[Data]

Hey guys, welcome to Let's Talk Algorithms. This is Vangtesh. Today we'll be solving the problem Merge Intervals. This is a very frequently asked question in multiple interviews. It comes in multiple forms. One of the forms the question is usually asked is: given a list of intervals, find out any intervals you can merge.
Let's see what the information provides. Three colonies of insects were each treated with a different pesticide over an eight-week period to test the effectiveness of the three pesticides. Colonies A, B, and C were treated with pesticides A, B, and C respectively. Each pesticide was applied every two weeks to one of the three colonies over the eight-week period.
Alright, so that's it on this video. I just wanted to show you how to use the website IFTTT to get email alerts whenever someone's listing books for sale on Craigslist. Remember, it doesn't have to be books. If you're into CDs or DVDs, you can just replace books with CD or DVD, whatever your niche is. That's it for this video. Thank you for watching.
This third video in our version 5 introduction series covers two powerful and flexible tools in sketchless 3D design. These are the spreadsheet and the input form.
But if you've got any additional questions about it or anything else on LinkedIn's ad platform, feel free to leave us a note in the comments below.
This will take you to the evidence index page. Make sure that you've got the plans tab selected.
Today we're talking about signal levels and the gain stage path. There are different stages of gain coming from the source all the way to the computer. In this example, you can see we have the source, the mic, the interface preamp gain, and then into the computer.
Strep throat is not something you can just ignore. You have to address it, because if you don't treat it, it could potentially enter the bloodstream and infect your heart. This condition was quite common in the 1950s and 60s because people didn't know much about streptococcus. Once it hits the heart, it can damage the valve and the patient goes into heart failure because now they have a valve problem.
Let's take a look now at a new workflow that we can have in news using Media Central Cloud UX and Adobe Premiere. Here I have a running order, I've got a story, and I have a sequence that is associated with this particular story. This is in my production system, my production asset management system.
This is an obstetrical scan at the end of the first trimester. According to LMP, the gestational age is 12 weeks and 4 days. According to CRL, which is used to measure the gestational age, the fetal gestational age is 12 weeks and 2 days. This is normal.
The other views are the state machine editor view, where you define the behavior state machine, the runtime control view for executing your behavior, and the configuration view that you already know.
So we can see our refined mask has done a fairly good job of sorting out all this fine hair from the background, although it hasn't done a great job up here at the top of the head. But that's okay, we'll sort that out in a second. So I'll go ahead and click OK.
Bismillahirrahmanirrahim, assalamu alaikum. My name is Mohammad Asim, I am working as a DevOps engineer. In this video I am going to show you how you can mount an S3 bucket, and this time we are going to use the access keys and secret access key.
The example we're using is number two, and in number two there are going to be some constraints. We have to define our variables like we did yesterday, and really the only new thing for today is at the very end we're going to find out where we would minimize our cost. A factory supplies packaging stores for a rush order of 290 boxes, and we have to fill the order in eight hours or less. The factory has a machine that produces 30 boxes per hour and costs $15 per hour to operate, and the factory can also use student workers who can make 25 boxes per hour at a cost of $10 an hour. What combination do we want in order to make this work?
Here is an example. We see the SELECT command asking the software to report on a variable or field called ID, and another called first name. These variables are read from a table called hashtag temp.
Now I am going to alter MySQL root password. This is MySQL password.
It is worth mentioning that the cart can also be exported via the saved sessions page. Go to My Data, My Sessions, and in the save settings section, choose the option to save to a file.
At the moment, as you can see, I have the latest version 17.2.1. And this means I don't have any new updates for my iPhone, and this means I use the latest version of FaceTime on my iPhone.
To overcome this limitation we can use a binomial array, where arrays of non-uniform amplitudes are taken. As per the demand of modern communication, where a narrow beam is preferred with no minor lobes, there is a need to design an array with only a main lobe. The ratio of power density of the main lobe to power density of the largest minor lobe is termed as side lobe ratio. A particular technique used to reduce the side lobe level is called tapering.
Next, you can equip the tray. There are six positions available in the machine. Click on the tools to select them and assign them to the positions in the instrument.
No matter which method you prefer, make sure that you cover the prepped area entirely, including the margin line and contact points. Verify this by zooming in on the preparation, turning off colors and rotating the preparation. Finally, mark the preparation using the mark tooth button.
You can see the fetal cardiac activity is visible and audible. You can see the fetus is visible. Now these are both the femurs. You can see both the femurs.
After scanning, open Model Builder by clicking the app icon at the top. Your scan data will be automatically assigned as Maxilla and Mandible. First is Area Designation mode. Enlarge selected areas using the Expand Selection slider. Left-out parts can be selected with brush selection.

[/Data]

About this task. Exact repetition is required: return every record shown above.

Expected answer.
Hey guys, welcome to Let's Talk Algorithms. This is Vangtesh. Today we'll be solving the problem Merge Intervals. This is a very frequently asked question in multiple interviews. It comes in multiple forms. One of the forms the question is usually asked is: given a list of intervals, find out any intervals you can merge.
Let's see what the information provides. Three colonies of insects were each treated with a different pesticide over an eight-week period to test the effectiveness of the three pesticides. Colonies A, B, and C were treated with pesticides A, B, and C respectively. Each pesticide was applied every two weeks to one of the three colonies over the eight-week period.
Alright, so that's it on this video. I just wanted to show you how to use the website IFTTT to get email alerts whenever someone's listing books for sale on Craigslist. Remember, it doesn't have to be books. If you're into CDs or DVDs, you can just replace books with CD or DVD, whatever your niche is. That's it for this video. Thank you for watching.
This third video in our version 5 introduction series covers two powerful and flexible tools in sketchless 3D design. These are the spreadsheet and the input form.
But if you've got any additional questions about it or anything else on LinkedIn's ad platform, feel free to leave us a note in the comments below.
This will take you to the evidence index page. Make sure that you've got the plans tab selected.
Today we're talking about signal levels and the gain stage path. There are different stages of gain coming from the source all the way to the computer. In this example, you can see we have the source, the mic, the interface preamp gain, and then into the computer.
Strep throat is not something you can just ignore. You have to address it, because if you don't treat it, it could potentially enter the bloodstream and infect your heart. This condition was quite common in the 1950s and 60s because people didn't know much about streptococcus. Once it hits the heart, it can damage the valve and the patient goes into heart failure because now they have a valve problem.
Let's take a look now at a new workflow that we can have in news using Media Central Cloud UX and Adobe Premiere. Here I have a running order, I've got a story, and I have a sequence that is associated with this particular story. This is in my production system, my production asset management system.
This is an obstetrical scan at the end of the first trimester. According to LMP, the gestational age is 12 weeks and 4 days. According to CRL, which is used to measure the gestational age, the fetal gestational age is 12 weeks and 2 days. This is normal.
The other views are the state machine editor view, where you define the behavior state machine, the runtime control view for executing your behavior, and the configuration view that you already know.
So we can see our refined mask has done a fairly good job of sorting out all this fine hair from the background, although it hasn't done a great job up here at the top of the head. But that's okay, we'll sort that out in a second. So I'll go ahead and click OK.
Bismillahirrahmanirrahim, assalamu alaikum. My name is Mohammad Asim, I am working as a DevOps engineer. In this video I am going to show you how you can mount an S3 bucket, and this time we are going to use the access keys and secret access key.
The example we're using is number two, and in number two there are going to be some constraints. We have to define our variables like we did yesterday, and really the only new thing for today is at the very end we're going to find out where we would minimize our cost. A factory supplies packaging stores for a rush order of 290 boxes, and we have to fill the order in eight hours or less. The factory has a machine that produces 30 boxes per hour and costs $15 per hour to operate, and the factory can also use student workers who can make 25 boxes per hour at a cost of $10 an hour. What combination do we want in order to make this work?
Here is an example. We see the SELECT command asking the software to report on a variable or field called ID, and another called first name. These variables are read from a table called hashtag temp.
Now I am going to alter MySQL root password. This is MySQL password.
It is worth mentioning that the cart can also be exported via the saved sessions page. Go to My Data, My Sessions, and in the save settings section, choose the option to save to a file.
At the moment, as you can see, I have the latest version 17.2.1. And this means I don't have any new updates for my iPhone, and this means I use the latest version of FaceTime on my iPhone.
To overcome this limitation we can use a binomial array, where arrays of non-uniform amplitudes are taken. As per the demand of modern communication, where a narrow beam is preferred with no minor lobes, there is a need to design an array with only a main lobe. The ratio of power density of the main lobe to power density of the largest minor lobe is termed as side lobe ratio. A particular technique used to reduce the side lobe level is called tapering.
Next, you can equip the tray. There are six positions available in the machine. Click on the tools to select them and assign them to the positions in the instrument.
No matter which method you prefer, make sure that you cover the prepped area entirely, including the margin line and contact points. Verify this by zooming in on the preparation, turning off colors and rotating the preparation. Finally, mark the preparation using the mark tooth button.
You can see the fetal cardiac activity is visible and audible. You can see the fetus is visible. Now these are both the femurs. You can see both the femurs.
After scanning, open Model Builder by clicking the app icon at the top. Your scan data will be automatically assigned as Maxilla and Mandible. First is Area Designation mode. Enlarge selected areas using the Expand Selection slider. Left-out parts can be selected with brush selection.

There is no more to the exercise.